# Chew Toys



## James Q (Dec 5, 2010)

Any suggestions for other chew toys as Brontie is getting bored with the ones we've bought from the pet shop, apart from when the Kong is stuffed, but she cant eat ALL day! We've got a nylabone, chew bone and spoony cup thing, and a few teddies, but we need some new ideas please???


----------



## kendal (Jul 16, 2009)

i don't really have chew toys for my lot, don't like nylabones because they become so sharp when they get old if the dog is a big chewer of them. my lot love pigs ears chews and cigar raw hide chews.


----------



## Dylansmum (Oct 29, 2010)

Dylan's favourite is my old slippers! I treated myself to a new pair and gave them to him. He also likes the toys that are a soft stuffed part, like a doll or slipper with twisted rope legs attached to them, but they don't last too long before he gets all the stuffing out.
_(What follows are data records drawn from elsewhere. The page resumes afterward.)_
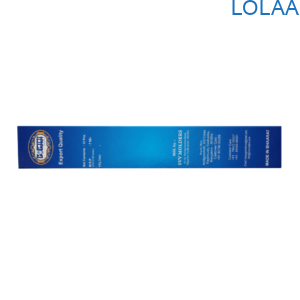 LOLAA MUKTHE DHOOPCUPS - Image 2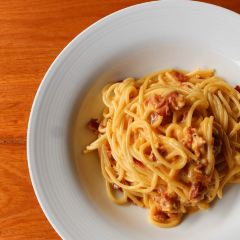 Viva Restaurant張用戶圖片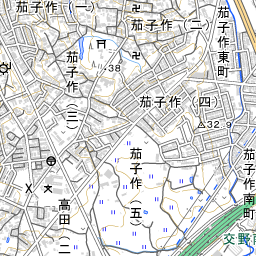 三井村 (280000276600) | 『日本歴史地名大系』地名項目データセット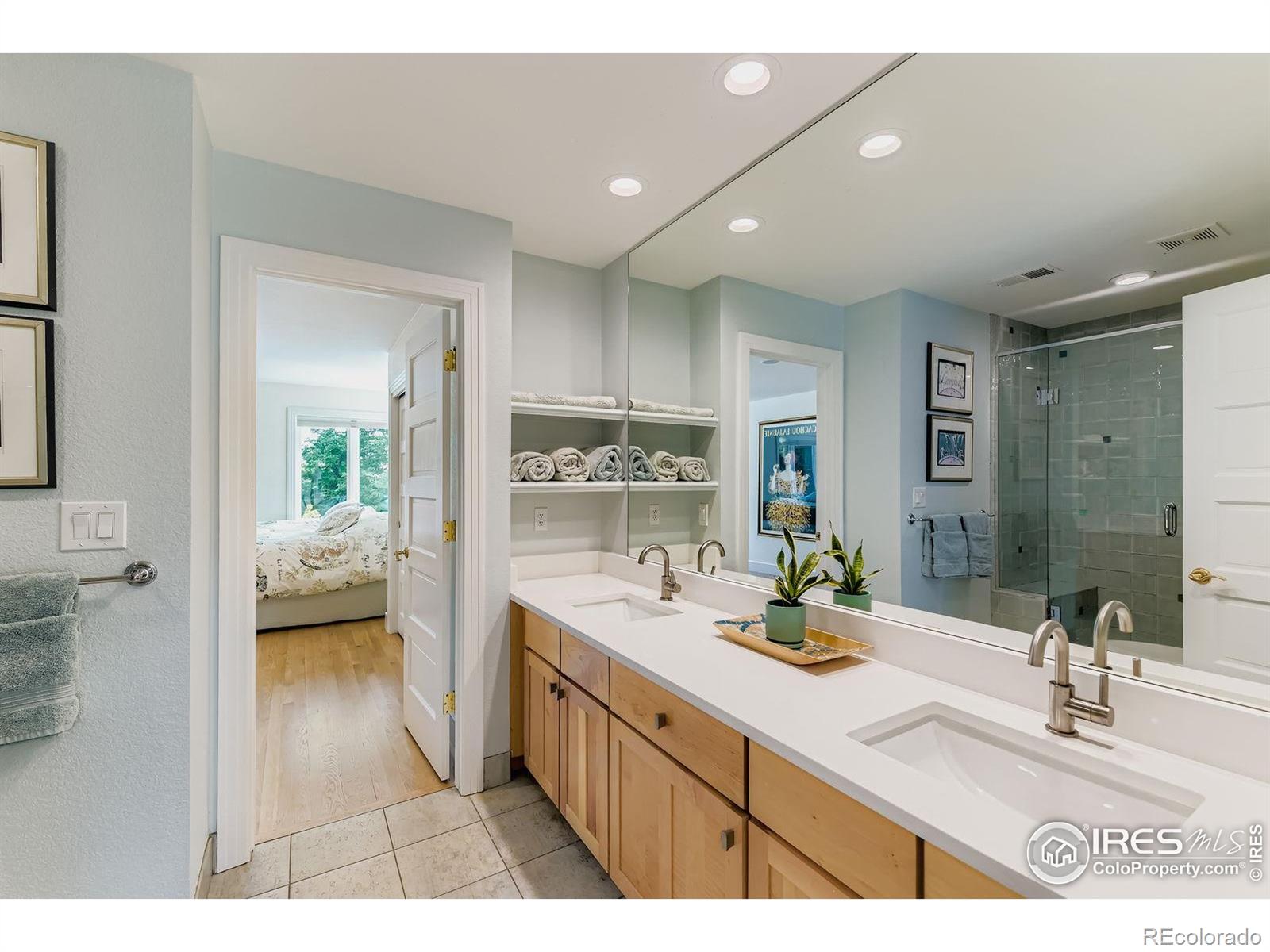 6516 Columbine Court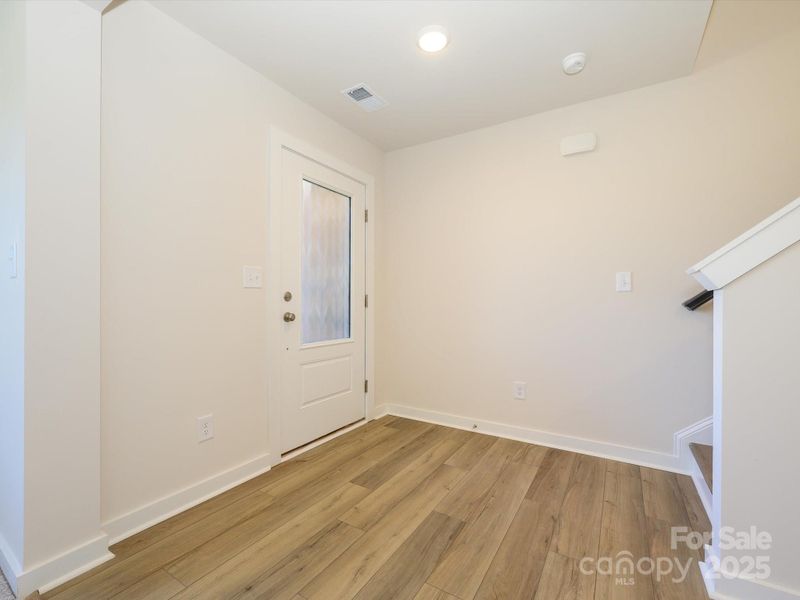 3904 Craig Ave, Charlotte, NC 28211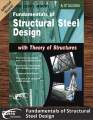 Fundamentals of Structural Steel Design - Official Civil Engineering Review Book by DIT Gillesania - GERTC Official Store. 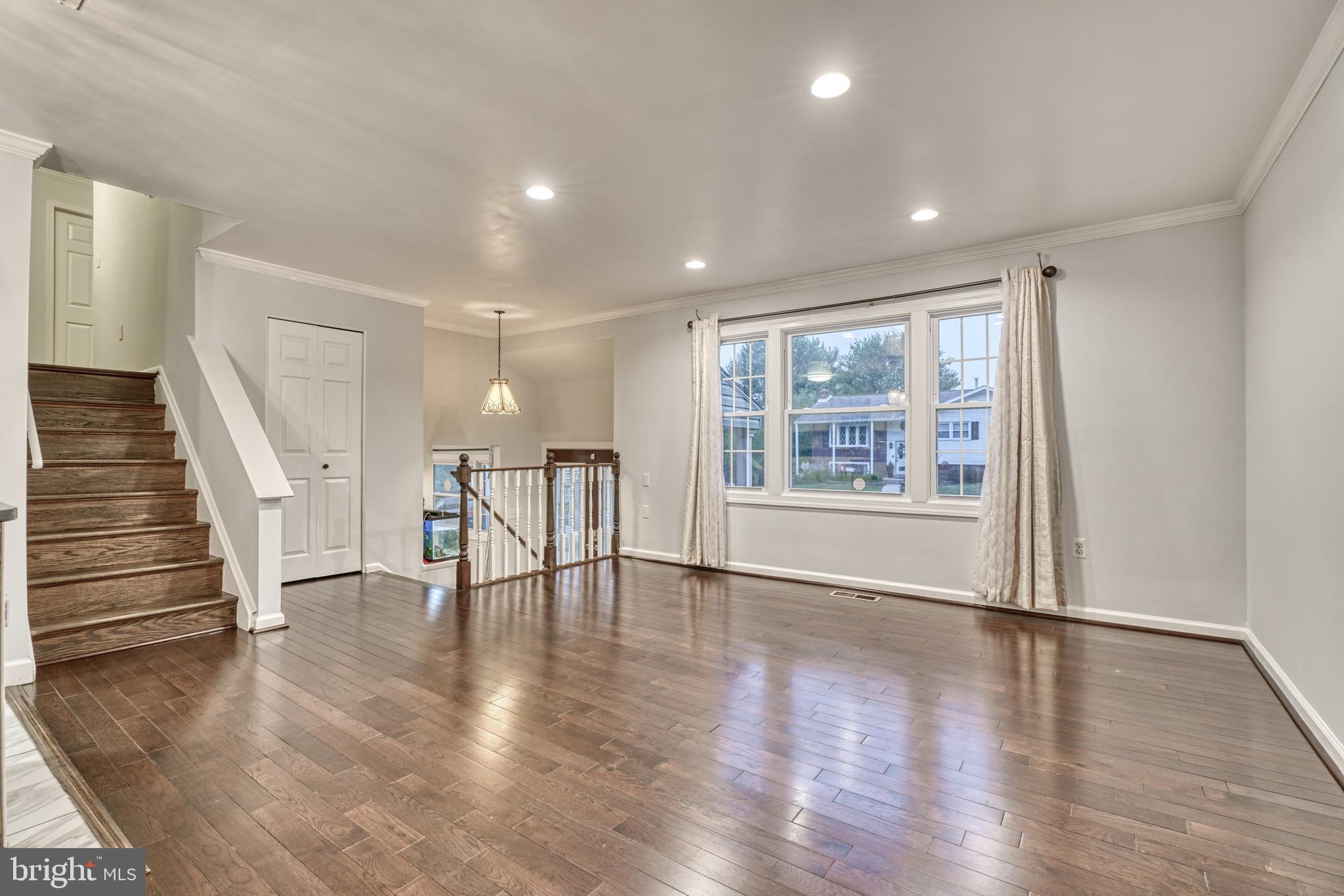 8411 Rocky Mt Road Rosedale, MD 21237 - Photo 15 of 48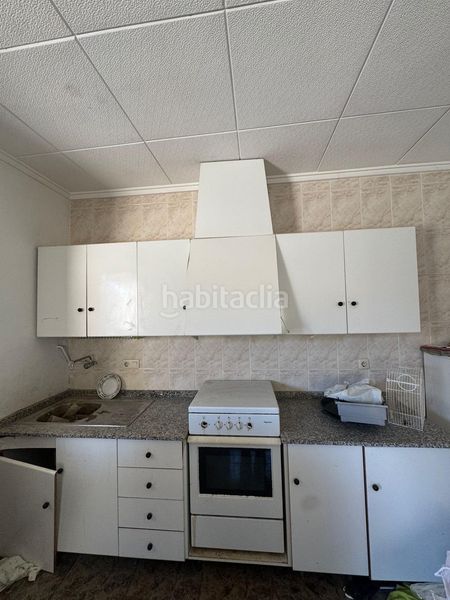 Foto 669f6051-6f5f-4c95-8f07-55a2eecc0414. Masia a n/a a Cox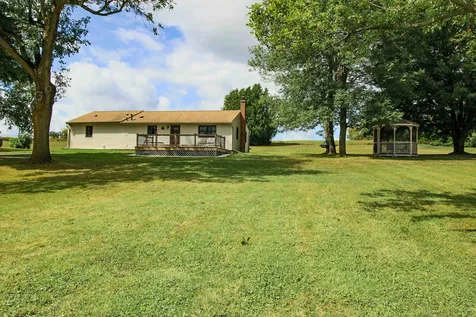 5 Longmeadow East Grand Isle VT 05458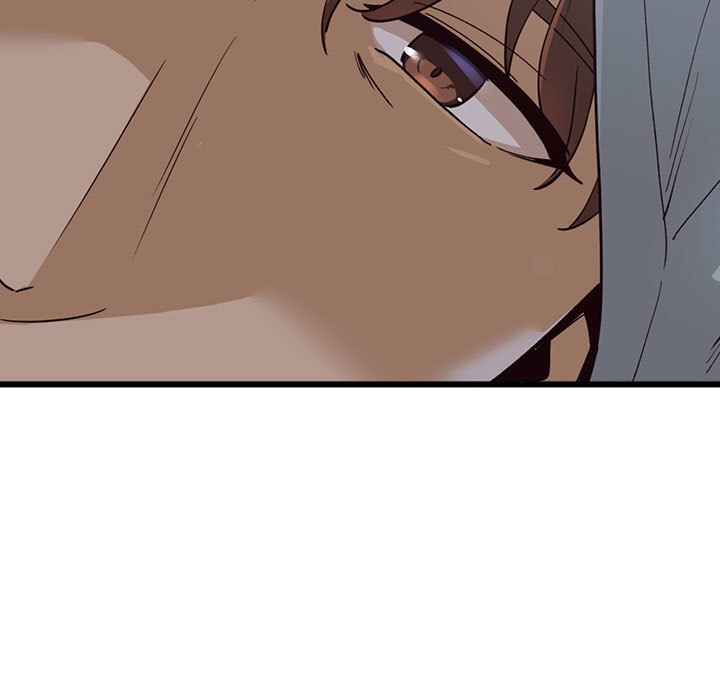 《會變身的女友》漫画 第1話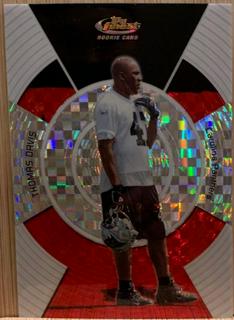 Thomas Davis
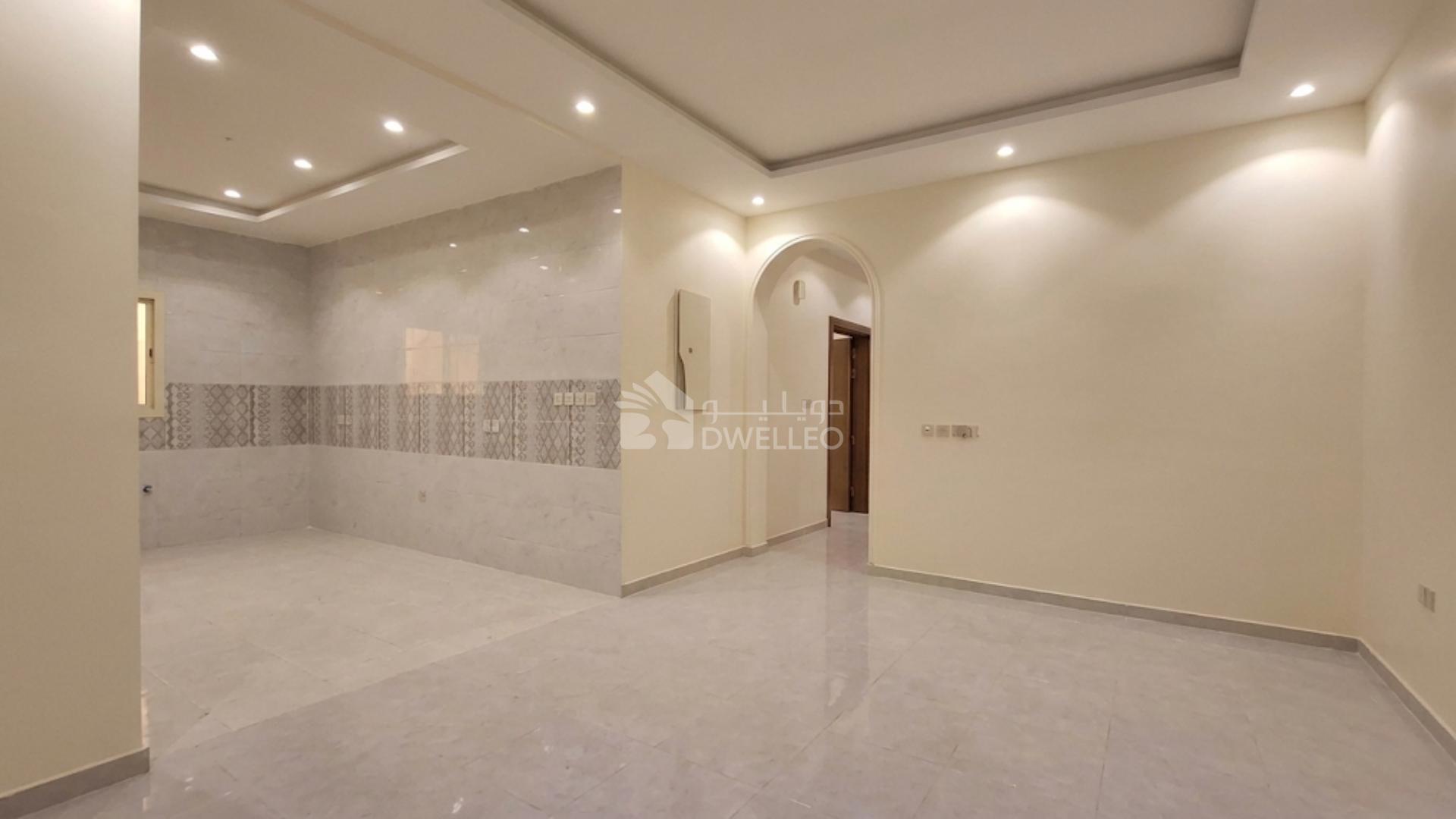 Property thumbnail 7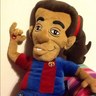 Ronalpinhos's profile picture
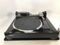 Sony PS-X800 Linear Tracking Turntable - Like New In Box! 4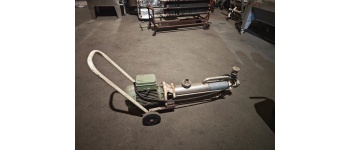img_20250825_112650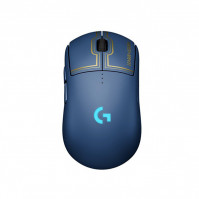 Chuột Logitech G Pro Wireless League Of Legends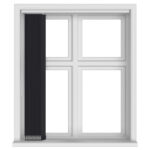 Banlight Duo Fr Black
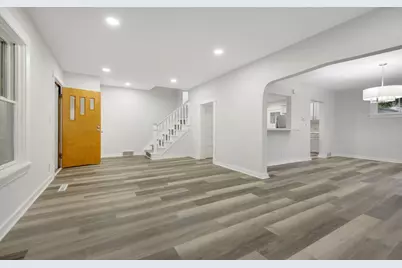 1258 Blair Avenue, Saint Paul, MN 55104 - Photo 7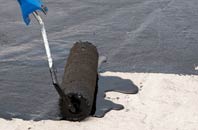 find rated Isel roof sealing companies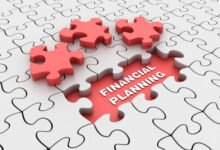 سهلة ألغاز مع الحل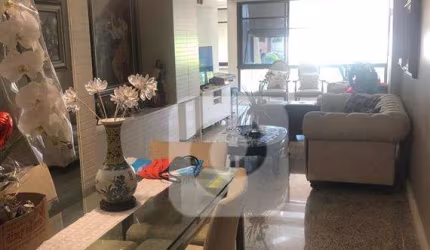 Próximo à Praia, Cozinha Ampliada, Sala Ampliada, Closed na Suíte e podendo fazer o 3° Quarto.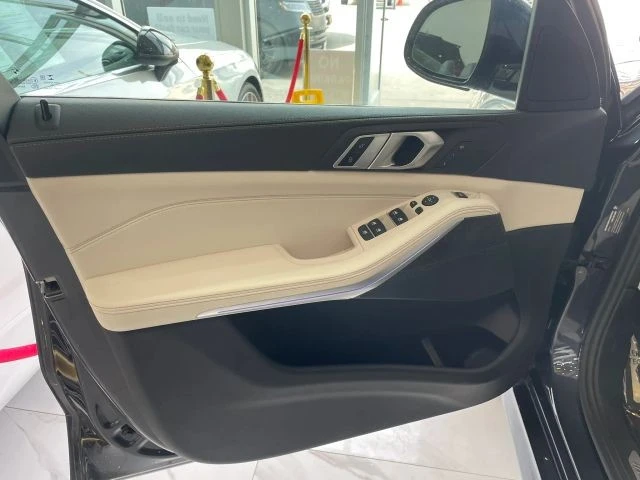 2021 BMW G05 X5 - Image 7 of 21
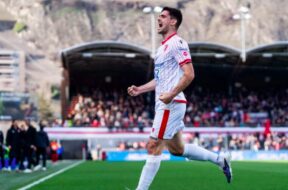 Bildschirmfoto 2026-02-23 um 02.30.54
If I have to leave him alone at home, I prefer to give a raw bone, like a rib bone, as that lasts a long time.


----------



## wilfiboy (Sep 18, 2010)

Maybe take some away james and only let herhave them every now and then ..i.e take them in turns if they're not there all the time she might not be as bored with them . Wilf loves those figure of 8 "things" think they are made of hide .. not sure x


----------